Okay...I'm sorry if I'm beating a dead horse here... I know that I talk about dating after having kids ALL THE TIME... But I just cannot wrap my head around it. Date nights will always be an enigma to me since becoming a parent.
First of all, finding the time to actually go on a date night with my husband is a freaking joke. Between work, house chores, family functions, kid stuff, and all the other craziness of life... It is damn near impossible... Not to mention the fact that I am exhausted 24/7... #MomLife.
Second of all, arranging childcare is often a struggle... I have to admit that my husband and I are INCREDIBLY lucky because my Mom lives with us. She generally doesn't mind watching Olivia for us, but sometimes I feel a little guilty. I already spend 40 plus hours a week away from my kid while I'm at work, let me just go find someone to unload my kid on so I can go out on a date...Total Mom guilt dilemma... It can be really tough, but sometimes I have to remind myself that getting a date night every now and then will ultimately make me a better Mama...A happy and relaxed Brittney makes a happy and relaxed Mama...
Third of all, once we actually get a date night on the calendar, it's a freaking shit show trying to decide what we are even going to do! What do we do with an entire night to ourselves? Dinner? A movie? Bowling? Solving world hunger? The indecisiveness and anxiety over not wasting a date night on a dud of a date is intense! Making the best of a rare night out is serious business... We generally wait until the very last minute, then panic and pick something... That's a good strategy right?

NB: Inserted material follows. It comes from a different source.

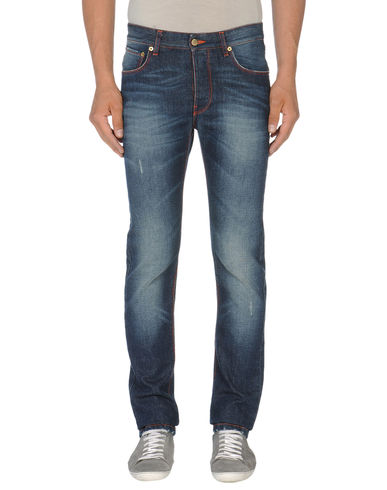 ZOOM RAF BY RAF SIMONS - Denim pants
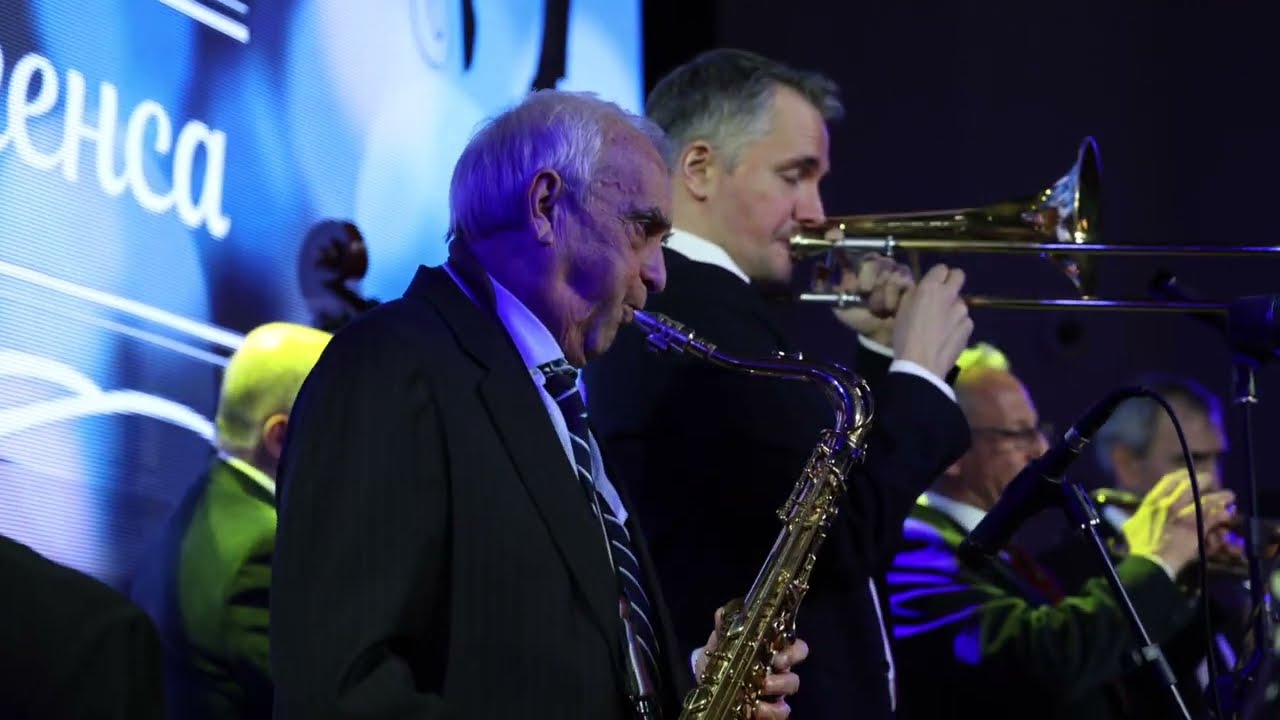 Концерт группы «Ленинградский Диксиленд» в Особняке Юргенса | 7 декабря 2025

And lastly, WHY DOES OUR DATE NIGHT ALWAYS END UP BEING ABOUT OUR CHILD?!?!?!?! Seriously. What. The. Hell. No matter what we do it always comes down to our kiddo... We end up talking about her all night, or doing something for her, or buying something for her. It just happens. Our lives mindlessly revolve around our kiddo. I guess that's what happens when you love someone more than anything in the world, huh?
This past weekend, my husband and I went out on a date. I honestly don't remember the last time we went out just the two of us...It's probably been at least a few months... We went and got dinner and drinks. We promised we would not talk about Olivia for the night. And what did we do? We talked about Olivia for a majority of the night, then after dinner proceeded to go to Target and buy Olivia new clothes and toys.
It absolutely blows my freaking mind that these things happen... My child is so spoiled, and it is disgusting. We just can't help ourselves... It is pathetic our lack of self control...
I know that we can't be the only parents that do this... Please tell me I'm not alone!